The data:
——

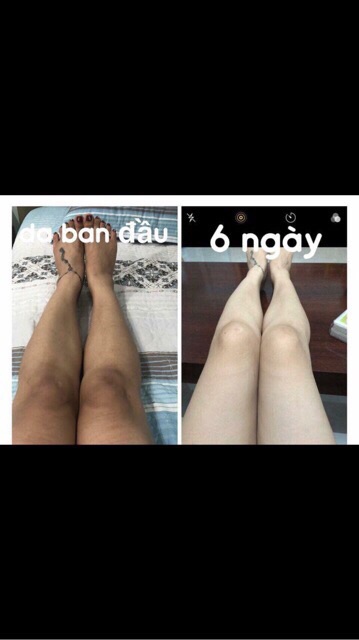 bộ tắm trắng cao cấp châu phi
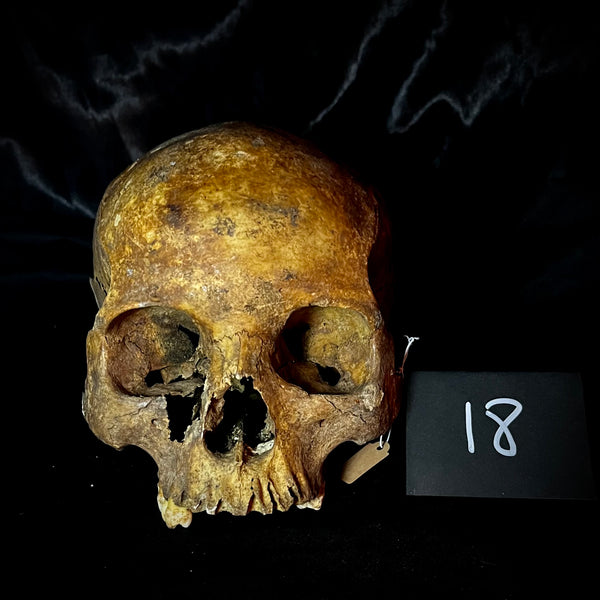 Item 18. Human skull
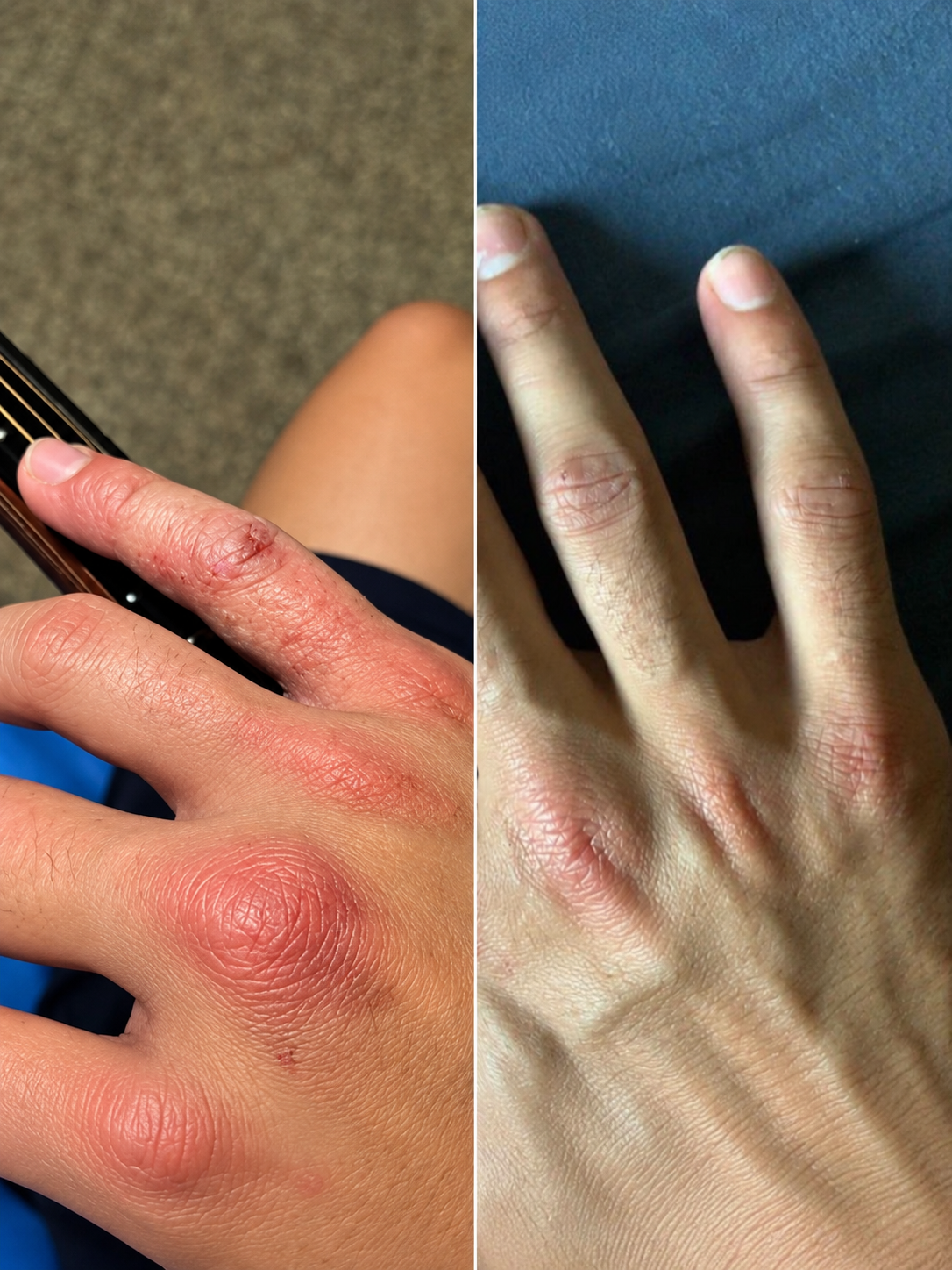 Natural skincare for eczema-prone skin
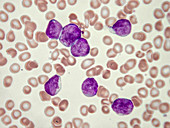 Blood cancer, Acute lymphocytic leukaemia, LM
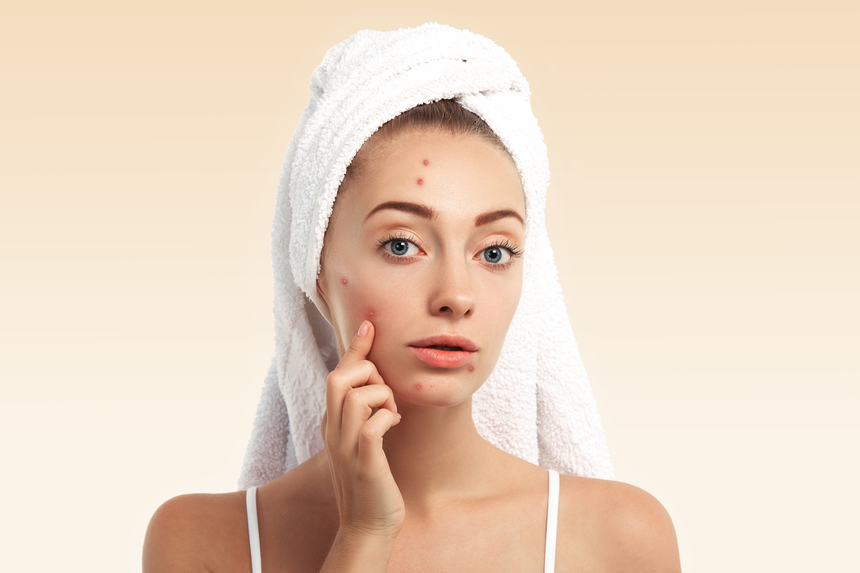 Pimples Treatment in Gangapur Road Nashik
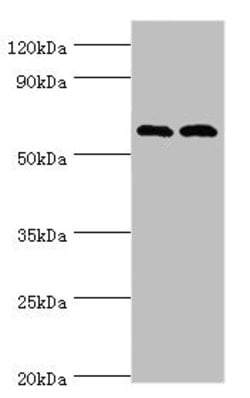 Invitrogen PAK2 Polyclonal Antibody 100 &mu;L; Unconjugated:Antibodies,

——

Task to carry out:
Could you transcribe the material above exactly, keeping every picture out?

Answer:
 bộ tắm trắng cao cấp châu phi
 Item 18. Human skull
 Natural skincare for eczema-prone skin
 Blood cancer, Acute lymphocytic leukaemia, LM
 Pimples Treatment in Gangapur Road Nashik
 Invitrogen PAK2 Polyclonal Antibody 100 &mu;L; Unconjugated:Antibodies,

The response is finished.